Mas penso que é um erro tirar esta conclusão. Estou longe de estar convencido de que um judeu deste período teria acreditado, por exemplo, que se poderia literalmente cavar um buraco até ao submundo. Tanto o Antigo como o Novo Testamento usam muita linguagem figurativa para descrever onde o submundo existe, e a variedade de exemplos leva-me a crer que os judeus desta época não o imaginavam como um “lugar” no sentido habitual de um lugar para onde se pode ir por meios humanos comuns.
Os escritores do Antigo Testamento usam frequentemente linguagem metafórica para descrever realidades espirituais invisíveis. Diz-se que Deus, que é espírito, tem uma morada particular, nos céus ou no templo. Da mesma forma, pensa-se que as almas humanas “habitam” num lugar particular após a morte, mesmo que as almas não ocupem qualquer espaço físico. Acredito que as Escrituras são verdadeiras na forma como descrevem estas coisas, mas temos de ter cuidado para não tomar a linguagem figurativa como prova de uma crença em reinos físicos que correspondem à linguagem figurativa.
Por altura do Novo Testamento, há uma afirmação clara de uma vida após a morte com diferentes “compartimentos”, por assim dizer, para os justos e os injustos. Os justos vão para o paraíso (ou seio de Abraão), enquanto os injustos vão para algum lugar descrito de forma variada como Geena, Hades, Sheol, e o abismo. Os justos são separados de Israel e de Deus fisicamente, porque os seus corpos estão mortos. Eles não podem louvar a Deus no templo. Mas isso não significa que estejam separados de Deus espiritualmente. Ele permanece presente no compartimento dos justos do lugar dos mortos.
Esse lugar ainda não é o que se vai tornar, porque o Messias ainda não está lá. Mas é precisamente isso que acontece na descida. O Messias desce na sua alma humana, e depois ressuscita dos mortos no seu corpo ressuscitado, o que muda necessariamente a natureza do paraíso. Aqueles santos justos do Antigo Testamento já não esperam e esperam, porque agora o objecto da sua esperança – o Messias ressuscitado – está presente com eles em forma corporal.

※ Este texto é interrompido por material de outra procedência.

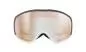 Preview: Julbo Skibrille Hit - schwarz / weiß, hell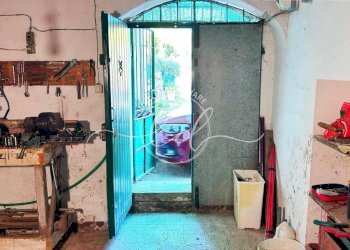 PHOTO-2026-02-16-13-19-36 2.jpg - Terratetto - Terracielo Pietrasanta - foto 27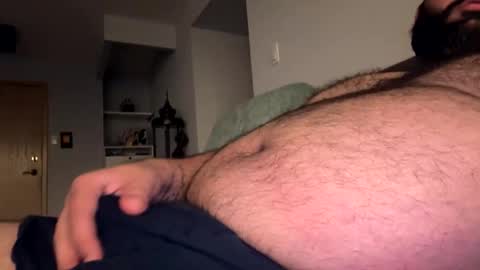 smallnhard8 online show from 02/18/26, 04:30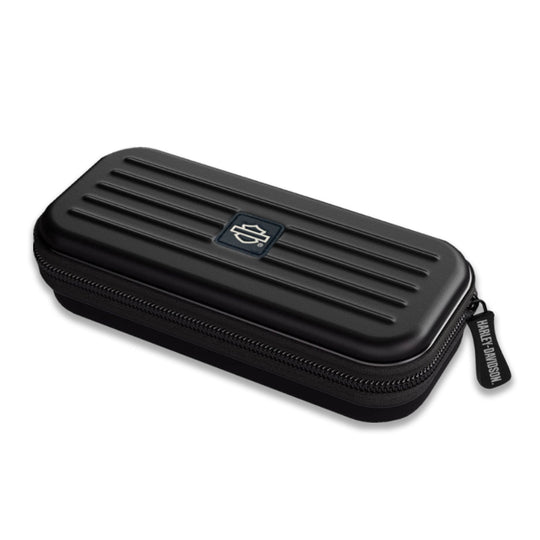 DW Harley Davidson Stealth Premium Darts Wallet Case
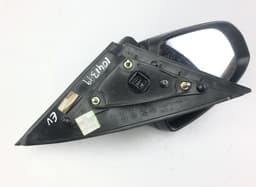 KIA 876102T240 Mirror left KIA OPTIMA III (TF) (2010-2015) — thumbnail 4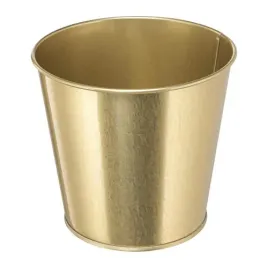 ikea-daidai-oslonka-na-doniczke-kwiatek-12cm-9420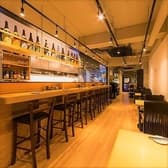 炉端一 ichi 天神大名 3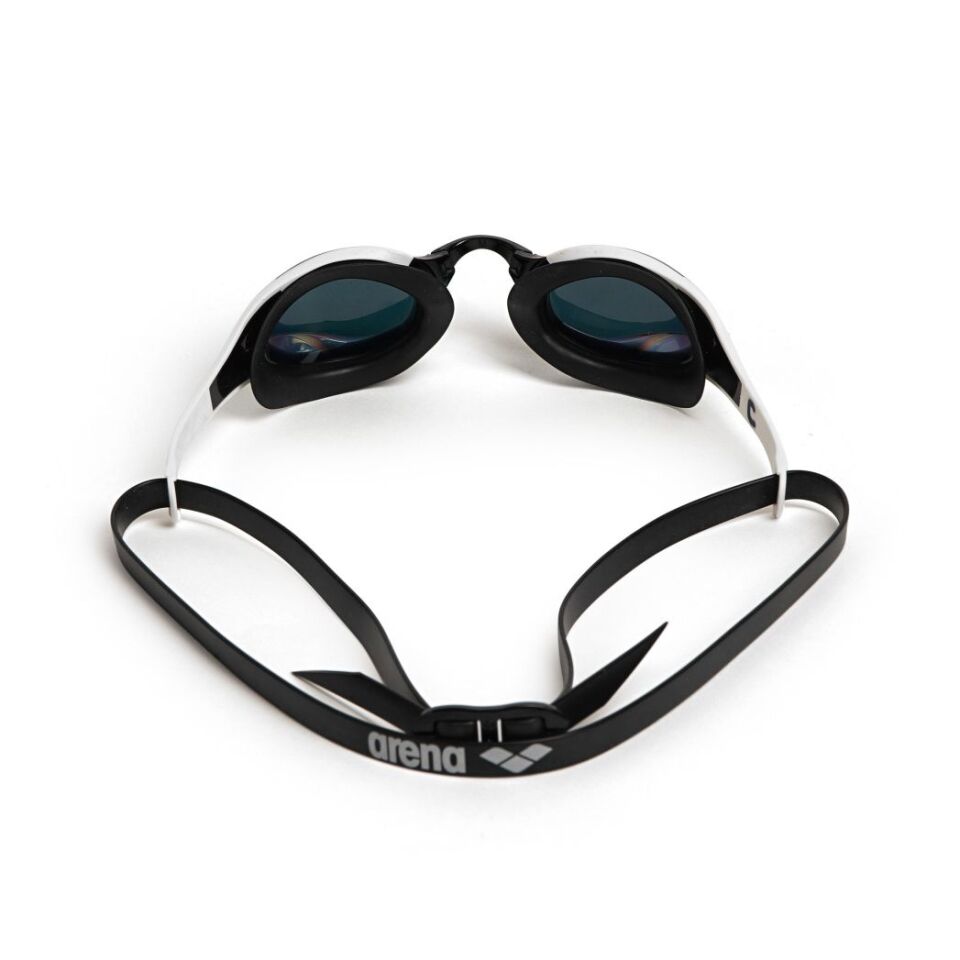 ARENA COBRA EDGE SWIPE AYNALI YARIŞ GÖZLÜĞÜ 006870102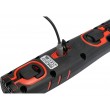 Yato YT-08524 inspection lamp Yato YT-08524 inspection lamp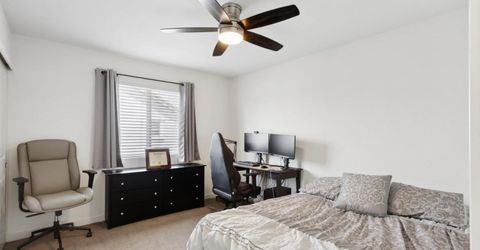 927 Franklin St, Lincoln, CA 95648 Photo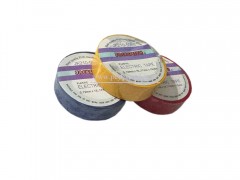 نوار چسب برق رنگی(لنت برق)(جک اسمیت) JackSmith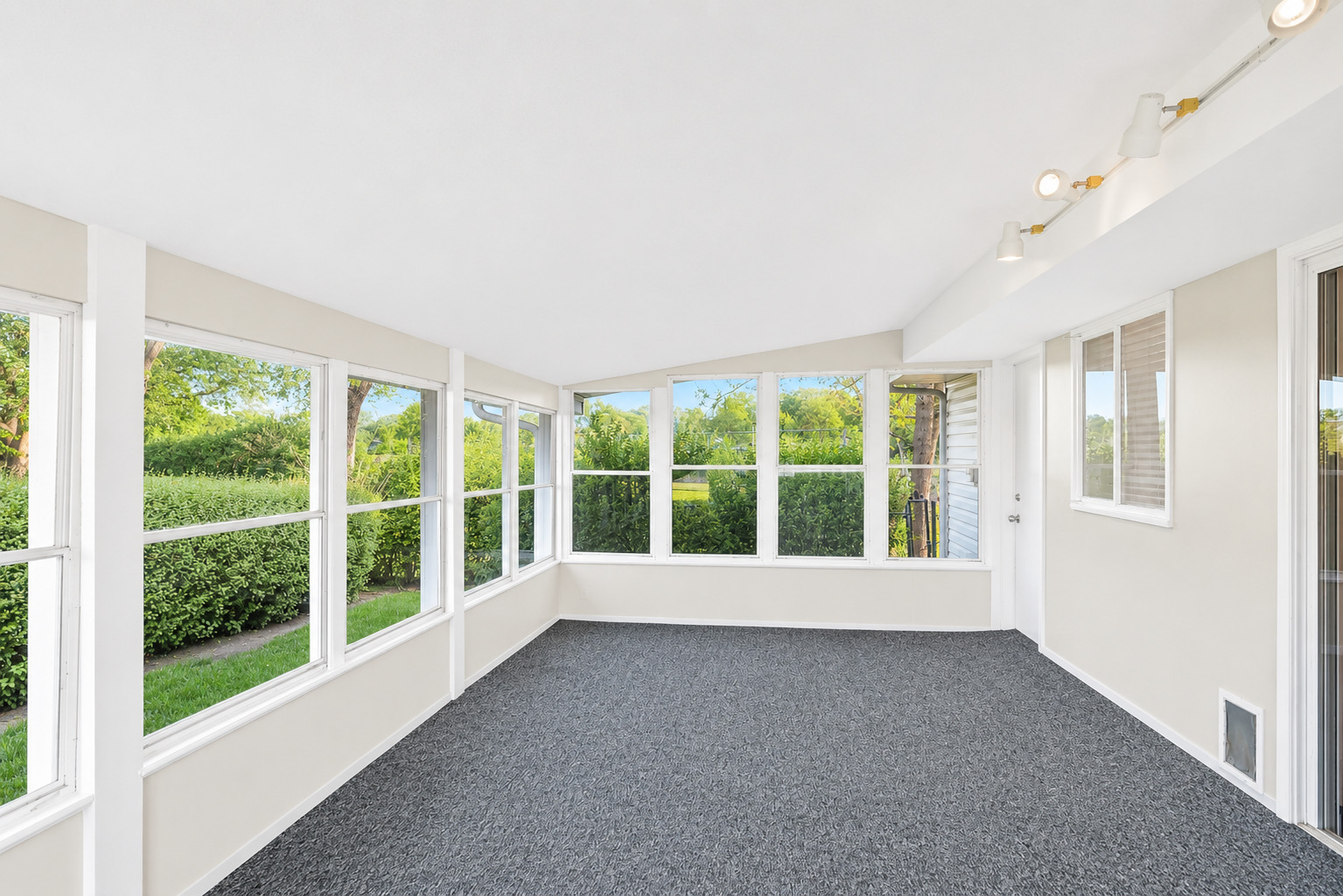 319 South Braintree Drive Schaumburg IL 60193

Os santos do Antigo Testamento têm sido frequentemente retratados, após a morte, como definhando numa espécie de prisão, mesmo que não estejam a sofrer as dores do inferno. O que pensa desta representação?
Eu acredito certamente que a morte é uma prisão. Não há fuga a essa prisão para além do trabalho redentor de Cristo. E assim até que esse trabalho seja realmente realizado, os mortos permanecem presos em algum sentido.
No livro, tenho tendência a minimizar um pouco isto, principalmente porque os evangélicos associam tão frequentemente a descendência de Cristo às noções do purgatório católico romano. Os católicos usam o termo Limbus Patrum (ou “Limbo”, em uso comum) para descrever um lugar onde os santos do Antigo Testamento eram mantidos até Cristo vir para os libertar. Mas sinto-me algo desconfortável com este conceito, porque me parece que isto separa esses santos de Deus num sentido mais existencial, como se estivessem em tormento enquanto esperam o Messias.
E assim, no livro, estou a tentar dizer: “Olha, isto não é tormento. Isto não é separação de Deus”. Mas sim, a morte é uma prisão. E os santos do Antigo Testamento estão de certa forma em cativeiro até que Cristo os liberte do cativeiro.
Há mais alguma coisa que queira dizer, para terminar, sobre a descida de Cristo?
Quero enfatizar que a cláusula de descida é uma cláusula incrivelmente pastoral. Ela diz-nos que Jesus experimentou a morte, tal como nós. Diz-nos que Jesus caminhou através do vale da sombra da morte, e que ele nos conduz ao outro lado. Ele ressuscitou dos mortos e é vitorioso sobre a própria morte. A morte não tem controlo sobre nós. A morte não é rei – Jesus Cristo é rei. Quando compreendemos a descendência de Cristo, podemos ver que é uma doutrina incrivelmente esperançosa.